Changer … juste un peu, mais très profondément, pour arrêter d’écrire son propre désarroi, et fermer la porte aux opportunités de destruction. C’est une bonne raison, il me semble. Pourtant, faiblir et repartir dans la course effrénée du quotidien serait à l’instant T surement plus simple à mener. Mais j’ai commencé à m’écouter, et je sais que je ne veux plus cela. Alors je me force, à prendre mon temps, à prendre du recul, à laisser le silence et les images de mon esprit me guider, vers quoi, je ne le sais pas, mais j’ai encore envie d’y aller.

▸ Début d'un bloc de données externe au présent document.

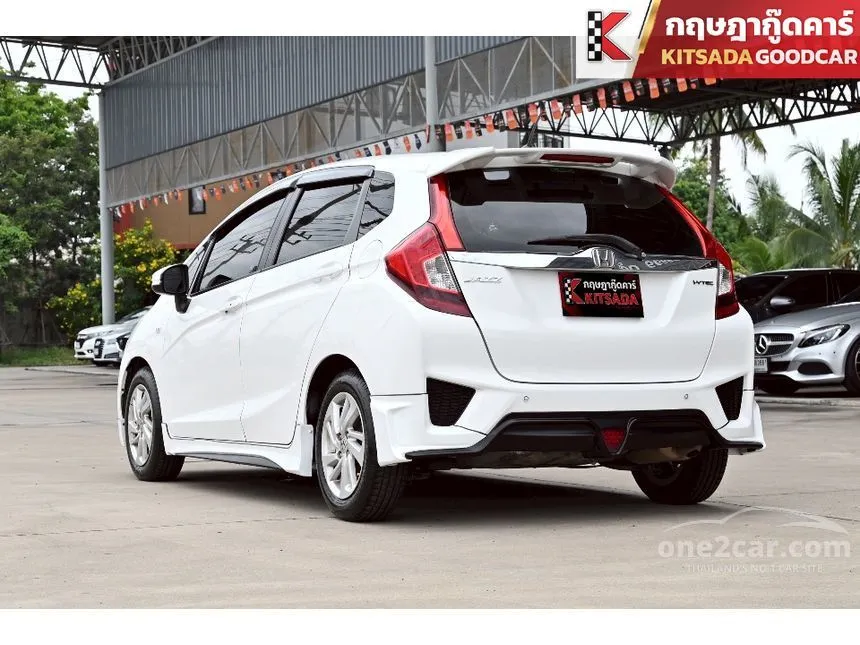 2015 Honda JAZZ V Hatchback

Combien de temps faudra-t-il pour que cela devienne un fonctionnement spontané et naturel ? Neutraliser quarante-deux ans d’auto-sabordage, ajuster la recette pour redéfinir son monde, et exister plus joliment dans cet univers remplis de desseins prometteurs, de bonheurs authentiques, de rencontres sans enjeux.

Aujourd’hui plus que jamais les gens que j’aime sont d’autant plus extraordinairement indispensables à mon bonheur. Mais je sais tout le travail que je dois encore faire pour que ces mêmes personnes puissent ressentir ne serait-ce que le centième de ce qu’ils m’apportent. Sans franchir cette marche, je resterai bloquée en bas, pendant que leurs âmes merveilleuses s’envoleront vers la vie, la vraie.

Je me refuse ce surplace, ce recul même qui m’a asphyxié jusque-là. Alors, je vais écrire encore et encore pour ne pas oublier mon pacte. Je vais m’auto-saouler d’aspirations et d’envies, et j’en suis sure, un jour, je me dirai « ça en valait la peine », avec ce sourire en coin qui parfois se dessine sans prévenir et que je ne soupçonnais pas avant.

Une nouvelle crise d’égocentrisme ? Et ce n’est que le début.